As we make this climb to the top, it shapes us. We learn so much about who we are and who we want to be. We learn to survive, then thrive. Then a moment happens—we look around and realize we have reached an apex. We did it. We accomplished a climb we once thought impossible. We celebrate. We are happy.
Then, before we know it, the moment is gone, and we see that the climb is not over. Standing in front of us is another mountain. Then the oddest thing happens: we are so full of fear that we start to think we can’t climb the next one. What we just did, we don’t believe we can do again.
So why is it that no matter how many mountains we climb, we look at the next one and ask ourselves if we have what it takes? Why do we continuously doubt ourselves during transitions? When will we start to realize that our past climbs are proof that we can climb mountains? It never ceases to amaze me how strong people are during the climb and how proud they feel standing atop their mountain, raising their flag—yet I am equally amazed at how resistant we can be to the next climb. This resistance is normal, but I hope to encourage you to see it differently.
So we face a new mountain. It isn’t that we don’t prepare for it or dismiss the seriousness of the venture—it will have new challenges—but we don’t need to approach it with the same fear or anxiety as we take our first steps toward it.
It helps to remind ourselves that nothing lasts forever, and the only constant in life is change. In other words, expect that you will climb another mountain and accept it as part of being human. As I am climbing a mountain right now, like many of you, I have come to understand that most of life is climbing. We must learn to enjoy the climb, or we will spend the majority of our lives in struggle or unhappiness.
The climb is the reward, not the apex. If we grow from our journey, we should fall in love with the opportunity to climb—not just with reaching the goal. How often do we accomplish something only to be met with an anticlimactic realization of its unimportance? It feels like the strike of midnight on New Year’s Eve: nothing changes except the number on the calendar. The night was never about midnight—it was about the 365 days that came before it.

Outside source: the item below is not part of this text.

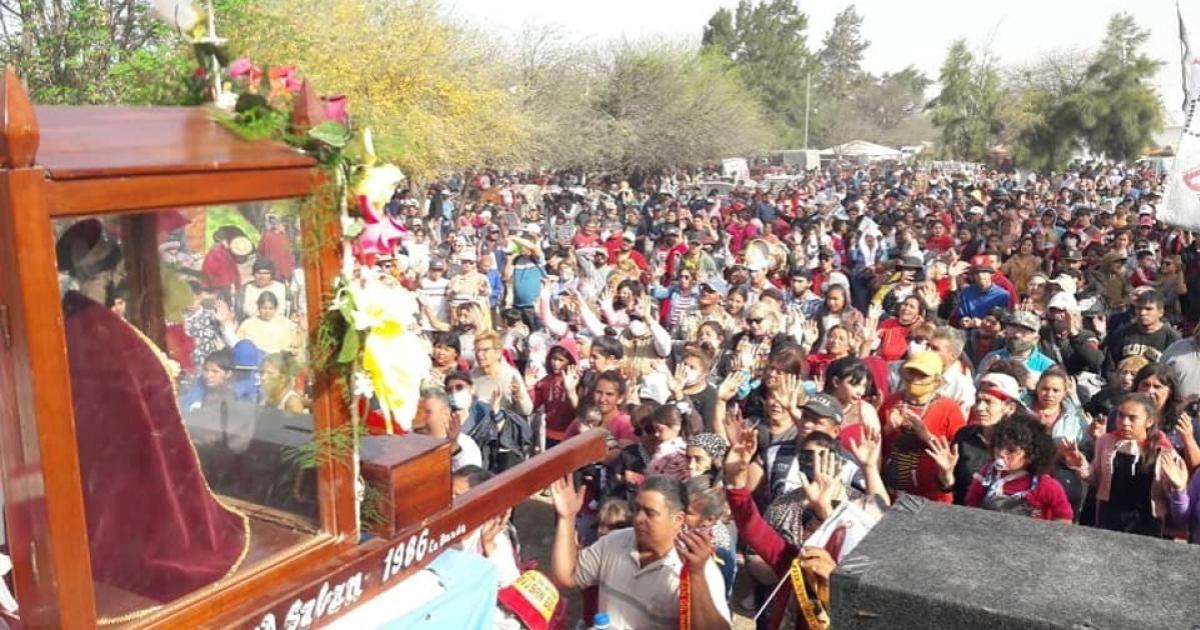 Todo listo para la tradicional festividad de San Gil en Sacha Pozo- un operativo de seguridad movilizaraacute a casi 100 efectivos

So I encourage you to realize that it was never about the goal, the accomplishment, or the success—it was about doing it. Let go of the stories, the fear, and the resistance created by overthinking, because they prevent the best version of you from fully experiencing life. When you reach your mountaintop and look back at your journey, you will want to love the person who got you there. If you achieve your goals while stressed and worried the entire time, even the greatest success can feel empty.
So what is a goal worth if there is no value in becoming the person who achieves it?
This changed for me years ago when I was asked what my “dream” was. Before understanding the importance of being present, I might have answered with an arbitrary goal—being on stage with Tony Robbins or hitting a financial milestone. Instead, my response was, “What I am doing now.” It was laughed off, but I was serious. Even as I write this, I am living my dream. I am writing about something I care deeply about for people I care about, hoping to influence them to do the same. Where else can we live our dream but in moments of action? Wake up every day and realize that those small steps are the dream—you are already in it. Congratulations don’t need to wait for the end; they exist in the now.